◆ Work order ◆
Your copy of the listing should be exact and should contain no pictures.

Dataset section START

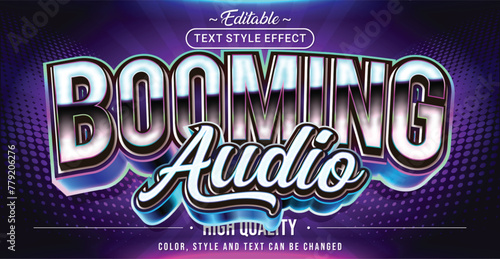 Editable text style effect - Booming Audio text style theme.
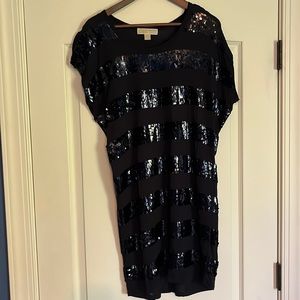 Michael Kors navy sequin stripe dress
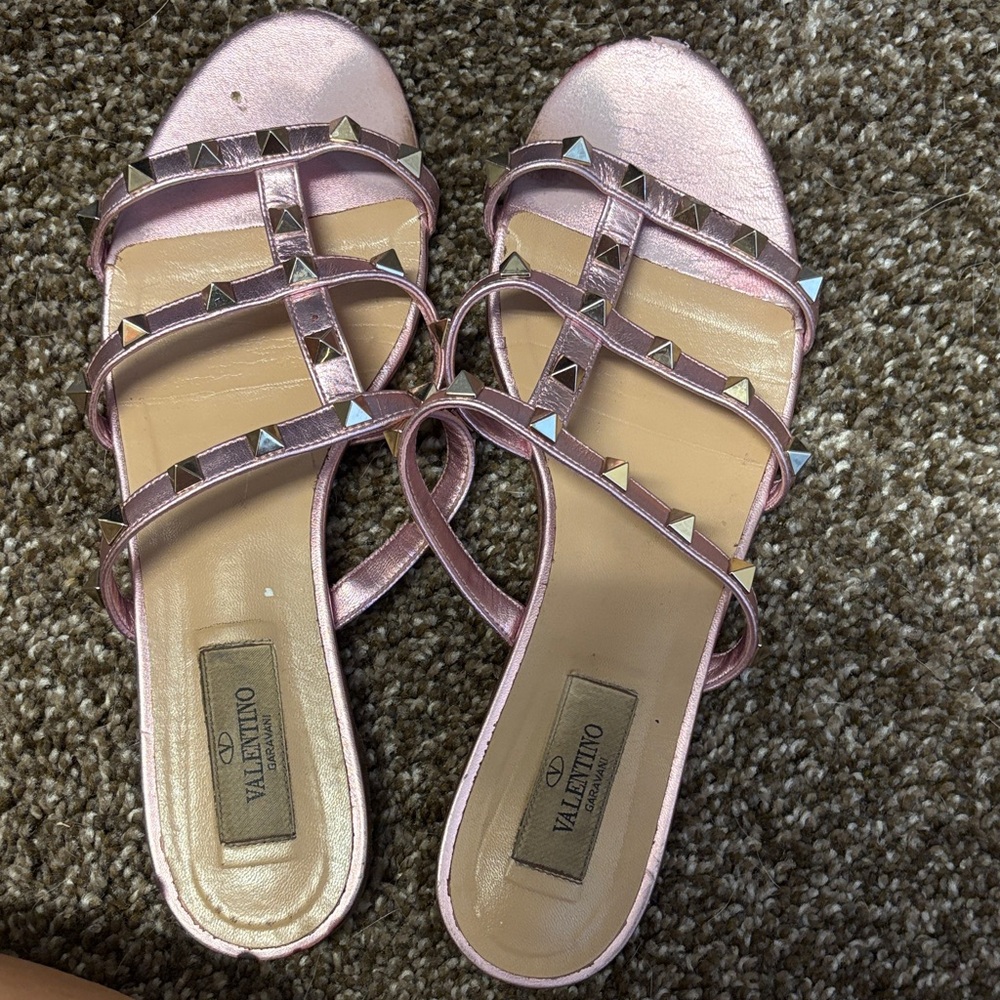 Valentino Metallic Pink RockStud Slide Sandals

Dataset section END

◆ Completed exercise ◆
 Editable text style effect - Booming Audio text style theme.
 Michael Kors navy sequin stripe dress
 Valentino Metallic Pink RockStud Slide Sandals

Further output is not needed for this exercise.